In truth, ANC assassinations are inevitable — it represents the final stage of the organisation’s deterioration. If one wants to understand why and how it has happened that so many ANC politicians are being killed, one needs to look at the nature of the structure that sits at the heart of that pattern. And it is a sick one indeed. It does not necessarily follow that the ANC will fall apart any time soon, but those destructive forces inside it are finding more and more room to manifest in extreme ways, as it implodes.
Corruption now happens on a grand scale. Billions, not millions are stolen. Patronage has stopped trying to cloak itself in the veil of credibility. Inept cadres are blatantly appointed to key positions entirely unsuited to their limited skills. Institutions are no longer badly managed but fundamentally compromised, unable to deliver the most basic outcomes required of them. And infighting no longer constitutes bad words shouted across the floor, but a knife in the back or a bullet in the heart.
A general attitude of positivity and optimism often acts to counter such ugliness. South Africa is a lot like Dorian Gray. We keep protected from full and proper interrogation our most fundamental crises, commenting rather on the day-to-day persona we pretend best reflects our real self. But in the attic our true nature eats away at our soul. More than any other force in South Africa, the ANC is responsible for that delusion. Hope and a historical romanticism allow it to maintain the illusion it still embodies its former glory. But in truth it is a far uglier beast today than ever it was before.

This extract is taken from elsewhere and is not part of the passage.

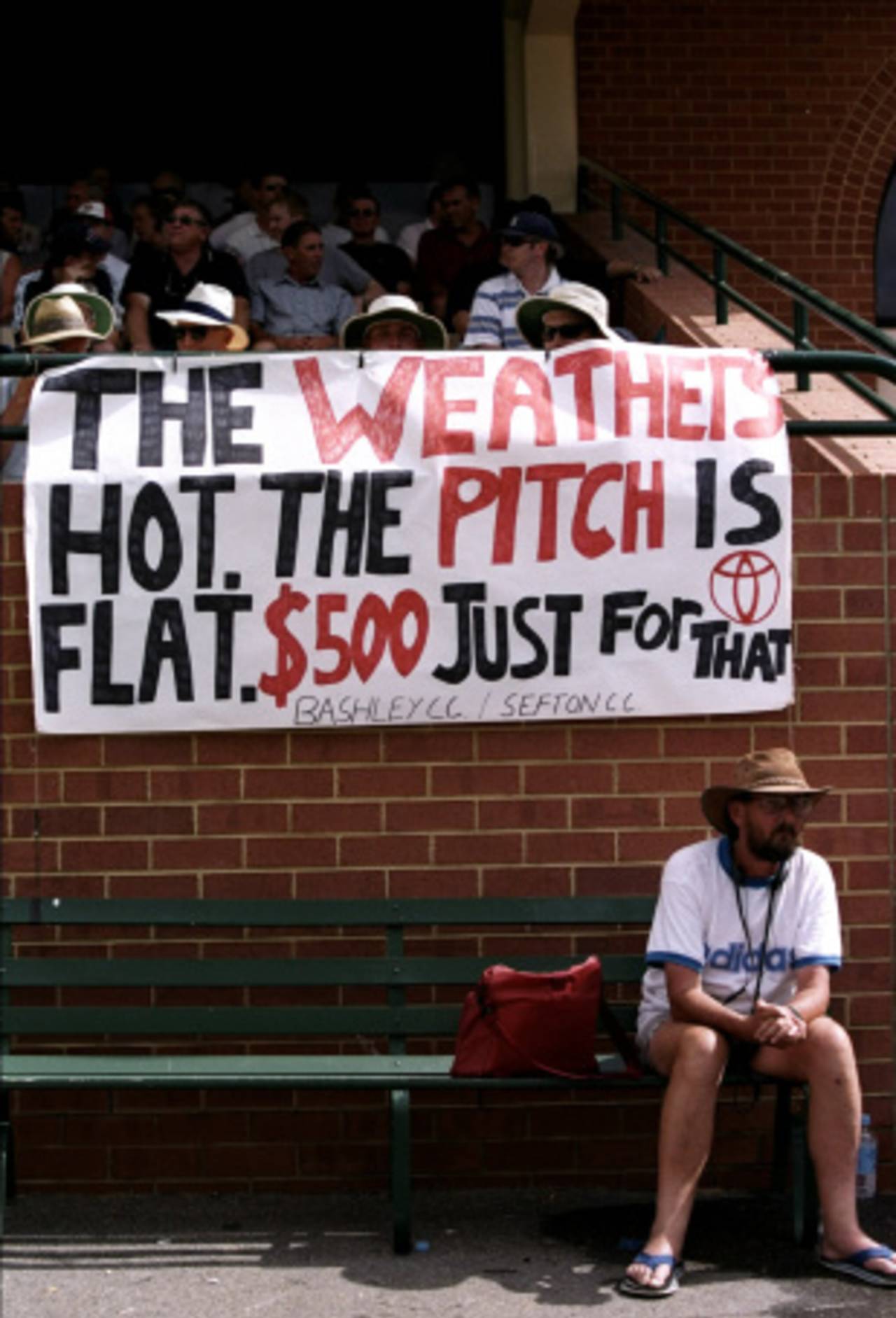 Spectators display a banner referring to the betting scandal involving Mark Waugh and Shane Warne, third Test, Australia v England, Adelaide, 11 December 1998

One would do well to take careful note of the extent of this kind of violence, and the position and influence of those who receive death threats. For the time being, it remains a phenomenon particular to the backwaters of South African politics — our councils and, occasionally, the provinces. It has only one place it can go from there — national politics. And, when that happens, we will no longer be dealing with something far away, out there and detached from our day-to-day experience, but a far more fundamental problem, with far more profound consequences.